I have a Prius. A couple of years ago I lost my key and had to get a replacement. $300. The next day I found the old one, of course. Also, in order to extend my warranty, I had to purchase a yearly maintenance contract for several hundred dollars. Then the few times that something did go wrong, oh no, the warranty doesn't cover it. So I don't get extended warranties or maintenance contracts any more.


----------



## Bob Dylan

Barb Stout said:


> I have a Prius. A couple of years ago I lost my key and had to get a replacement. $300. The next day I found the old one, of course. Also, in order to extend my warranty, I had to purchase a yearly maintenance contract for several hundred dollars. Then the few times that something did go wrong, oh no, the warranty doesn't cover it. So I don't get extended warranties or maintenance contracts any more.


This seems to be standard practice for most "extended warranties" which are really another way for salespersons and companies to increase their profit!


----------



## PVD

Long or extended warranties exist primarily for 2 reasons. They may be highly profitable items to add on a sale, or a tool to get people to buy something they might not otherwise. When Hyundai first hit the US market large scale, they had a bad reputation for reliability. Even though they were cheap, people were reluctant to buy because of repairs. They did 2 things, one was working hard to improve quality, and the other was provide a 10 year 100K mile warranty. If you bought one of their cars you didn't sweat as much about repairs. It worked, over time they drastically improved the quality, and the warranty is now 5 years/60k which is still somewhat higher than industry standard, but way less than the original. And they aren't so cheap anymore.


----------



## railiner

I wouldn't ever consider getting an extended warranty. I make my new purchases, partly on the researched reliability of the product I am buying. The standard warranty is good enough to cover any defects that immediately appear, and once the warranty expires, if you performed all required preventive maintenance, your product should last you a long time. 
My 2010 Prius came with a 3 year bumper to bumper warranty, and a 5 year power train and corrosion warranty. The hybrid components have an 8 year warranty, and the hybrid battery a ten year warranty, now. 
My car, which will be 11 years old in November, is as reliable as the day I brought it home.

The money you save each year, by not buying an extended warranty, will more than likely more than cover whatever repairs become necessary at the car ages, until it has served its useful life. In a sense, this is like being "self-insured".


----------



## PVD

Toyotas in general have a good reputation for reliability.


----------



## Devil's Advocate

AGM.12 said:


> My concern with electric vehicles is that, once the use of them is widespread, when many people plug in to recharge at one time, would the power grid be able to handle the load without constant brownouts?

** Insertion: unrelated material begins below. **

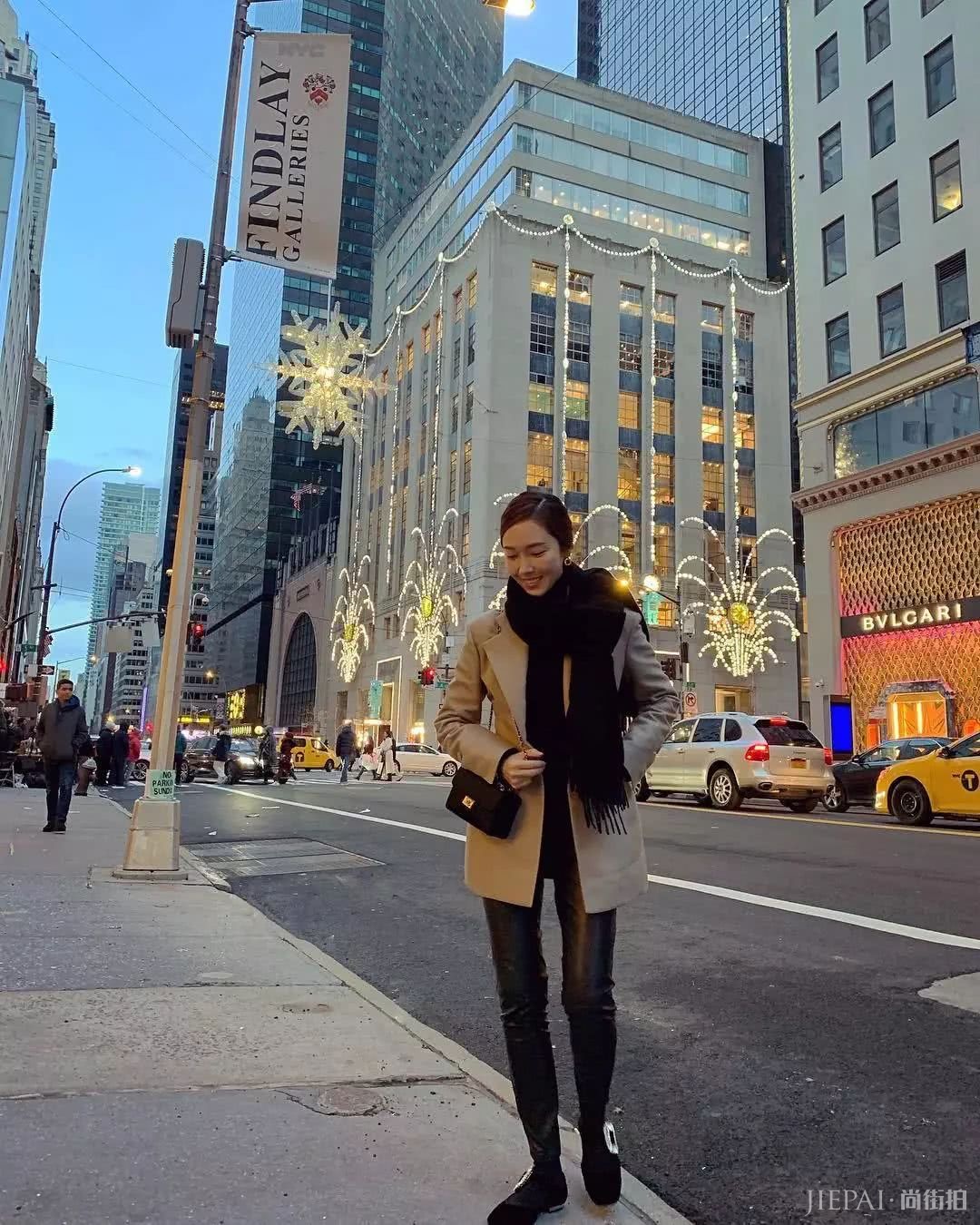 百变女王西卡惊艳时装周 原来日常造型更值得参考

Personal electric vehicles barely use any energy compared a common industrial plant. Even the fastest superchargers only operate at maximum capacity for a few minutes per vehicle. These peak loads can be mitigated with commercial batteries. If we get to the point where vast fleets of heavy commercial vehicles become fully electrified then upgrades will be required between the commercial charging systems and associated substations, but building those fleets will take time and such upgrades should not be disruptive enough to cause serious problems to an otherwise functional power grid.



Bob Dylan said:


> This seems to be standard practice for most "extended warranties" which are really another way for salespersons and companies to increase their profit!

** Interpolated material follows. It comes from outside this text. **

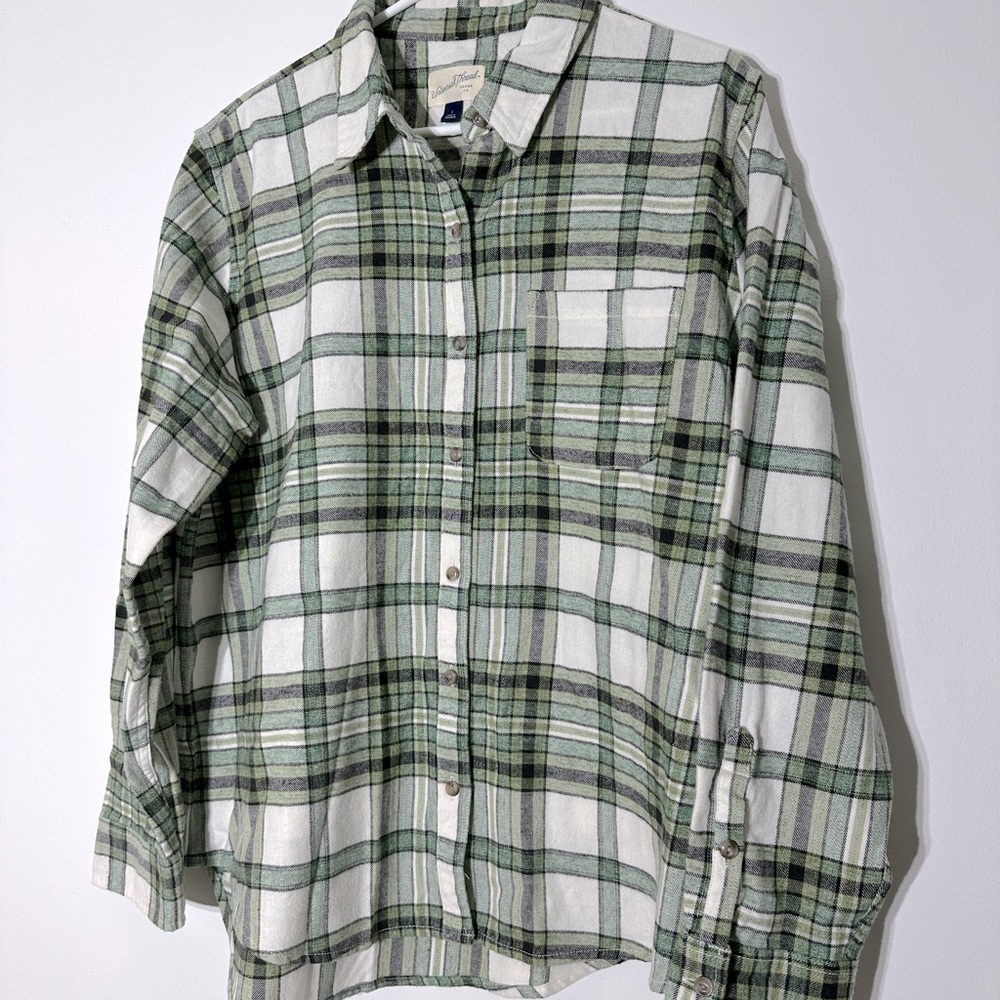 *💙 5 for $20* Green Plaid button top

I personally think everyone should take a job as a salesperson early in their working life. Not because it's a great job but because it teaches you important lessons on how to avoid being taken for a ride.


----------



## sttom

AGM.12 said:


> My concern with electric vehicles is that, once the use of them is widespread, when many people plug in to recharge at one time, would the power grid be able to handle the load without constant brownouts?


My main concern with the batteries would be the mining of materials to make the battery, the manufacture of the batteries and the disposal of the batteries more than the charging of the batteries. Cobalt and lithium mining aren't environmentally friendly and they are relatively rare metals to begin with. The recycling of lithium ion batteries is also in its infancy so having millions of them get made for cars every year will mean millions of battery packs that we may or may not be able to reuse or recycle after the car has reached the end of its life cycle. Which is going to be a massive problem in the not to distant future. 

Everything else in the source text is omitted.